São Paulo, domingo, 30 de janeiro de 2005

Texto Anterior | Próximo Texto | Índice

DAVOS - DEBATE GLOBAL - PORTO ALEGRE

Segundo Anne Krueger, atuação do BC está correta, apesar de alto endividamento público ainda expor o Brasil a crises externas

FMI elogia juros altos, mas vê país vulnerável

LEONARDO SOUZA
ENVIADO ESPECIAL A DAVOS

A vice-diretora-gerente do FMI (Fundo Monetário Internacional), Anne Krueger, disse ontem que o Banco Central está correto em aumentar os juros e afirmou que o pior que poderia acontecer ao Brasil hoje seria a inflação disparar. Reconheceu, contudo, que há o risco de a política monetária prejudicar o crescimento.
Segundo ela, os juros só deverão ser baixados quando a demanda estiver mais fraca, o que pode ser interpretado como quando o crescimento for menor. Apesar dos elogios, a número dois do FMI disse que "é claro" que o Brasil ainda é vulnerável a choques externos.
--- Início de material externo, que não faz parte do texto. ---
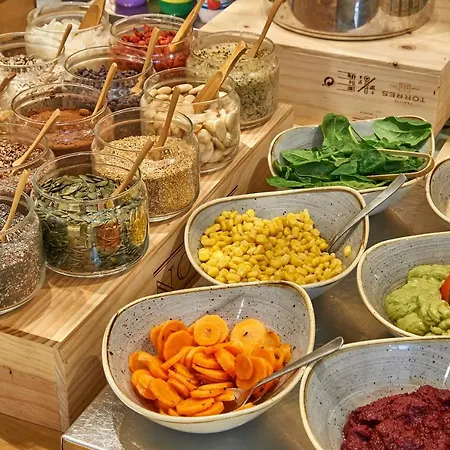 호텔 아이콘 Bcn 바이 쁘띠 팰리스 4*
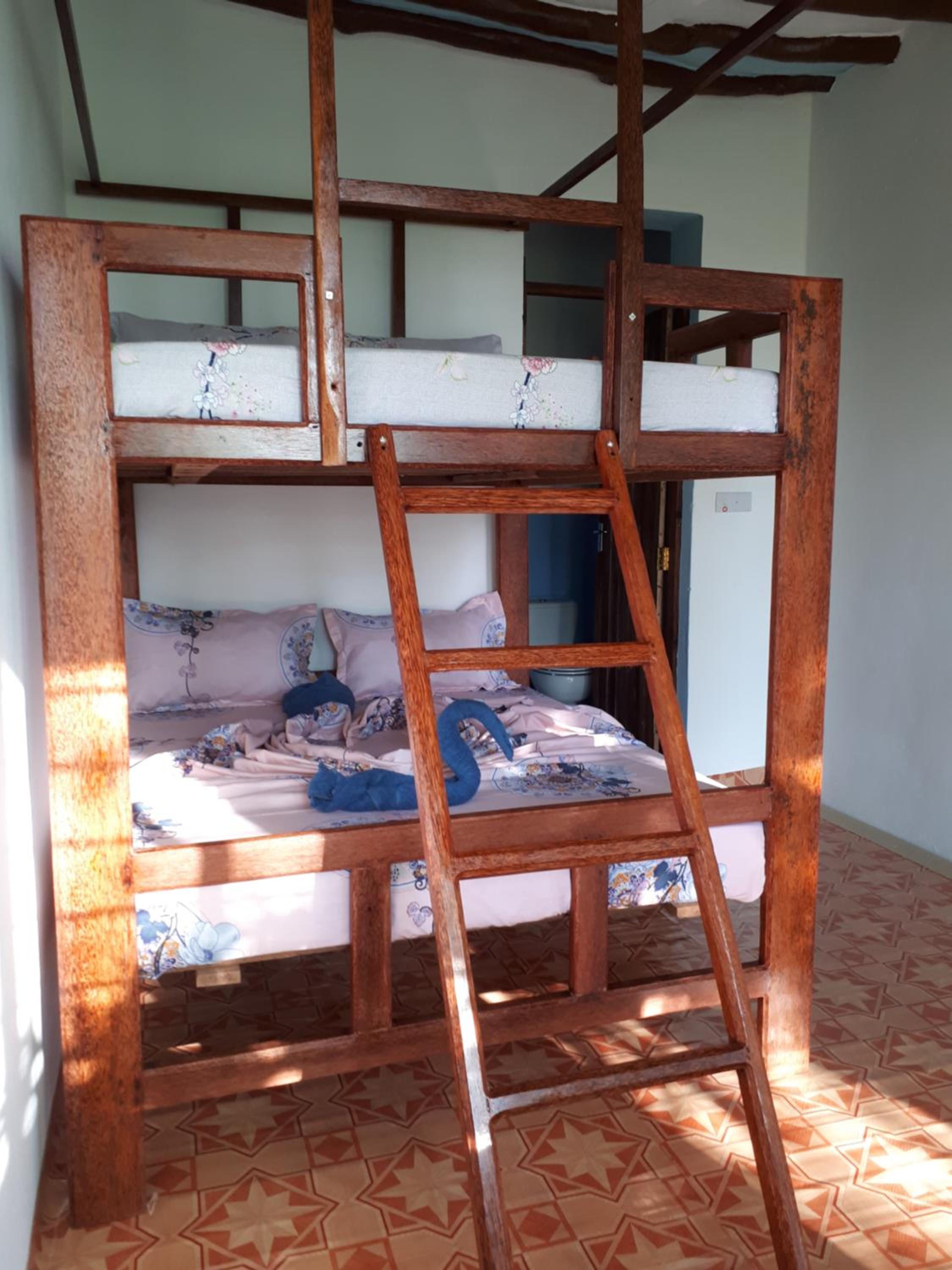 Standard Queen Room with Two Queen Beds photo 2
Admitiu também que o governo e o Fundo estão em negociação para a renovação do acordo do país com a instituição.
O discurso de Krueger é muito semelhante ao da equipe econômica. "O Banco Central obteve no ano passado o melhor crescimento nos últimos dez anos, então não deve estar errado agora. O país tem uma história inflacionária. A pior coisa que poderia acontecer para o Brasil seria a inflação disparar agora. O Banco Central está corretamente preocupado em manter o crescimento e, ao mesmo tempo, manter a inflação baixa. Esse é o caminho no qual eles têm que andar. E nossa avaliação é que estão fazendo um bom trabalho", disse ela a um pequeno grupo de jornalistas.
Ao ser questionada pela Folha se o aumento dos juros não poderia barrar o crescimento econômico, deu a seguinte resposta: "Eles [o BC] têm um julgamento a fazer, porque podem também prematuramente baixar os juros e colher inflação. É preciso encontrar o equilíbrio entre esses dois fatores para ver o que é mais importante. E, neste momento, por tudo que me é dito, o crescimento econômico do Brasil me parece muito forte. A demanda está crescendo, e a preocupação real neste momento deve ser que isso não espirre na inflação".
Krueger completou: "Em algum momento, se a demanda parecer mais fraca, se as pressões inflacionárias cederem, os juros poderão baixar. Mas, neste momento, parece que o BC está correto."
Se, por um lado, a vice-diretora-gerente do Fundo aborda a questão da inflação de forma muito semelhante à do governo brasileiro, por outro, difere no tom quando indagada sobre se o Brasil ainda está vulnerável a turbulências na economia internacional.
"É claro que o Brasil ainda é vulnerável. Qualquer país com uma grande dívida como a brasileira, se acontecer algo que gere choque negativo nos mercados mundiais, como queda dos preços das commodities [produtos básicos], os chineses parando suas encomendas... Sim, ainda é vulnerável. Não há país que não seja. A questão é o grau da vulnerabilidade. O Brasil ainda tem um volume grande de dívida para rolar. Eu diria que o Brasil está na zona média de risco. [...]Seria muito bom se o país tivesse uma dívida muito menor."
Ela ressaltou que se o superávit primário (economia de receitas para o pagamento de juros da dívida) fosse um pouco maior, a relação entre a dívida pública e o PIB (Produto Interno Bruto) cairia mais rapidamente. Esse é um dos principais indicadores de vulnerabilidade externa. O governo tem comemorado o fato de essa relação ter caído de aproximadamente 60% em 2002 para cerca de 52% no final do ano passado. A meta de superávit hoje é de 4,25% do PIB, mas no ano passado o governo economizou 4,61%.
"Segundo nossa avaliação, [...] com um superávit primário de 4,5% do PIB, a relação dívida/PIB poderá gradualmente cair a um nível razoável. Obviamente, um superávit primário mais elevado poderá reduzir o peso da dívida mais rapidamente. Essa é uma decisão das autoridades", disse.
Sobre a renovação do acordo com o Fundo, disse: "As autoridades [brasileiras] têm que me dizer o que querem. Está havendo discussões, mas ainda não nos disseram o que querem fazer. Como você sabe, o último programa era precaucionário, [o governo] não sacou nenhum recurso. Acho que, se houver outro programa, seria precaucionário, mas eles que decidirão se isso ajudará o país".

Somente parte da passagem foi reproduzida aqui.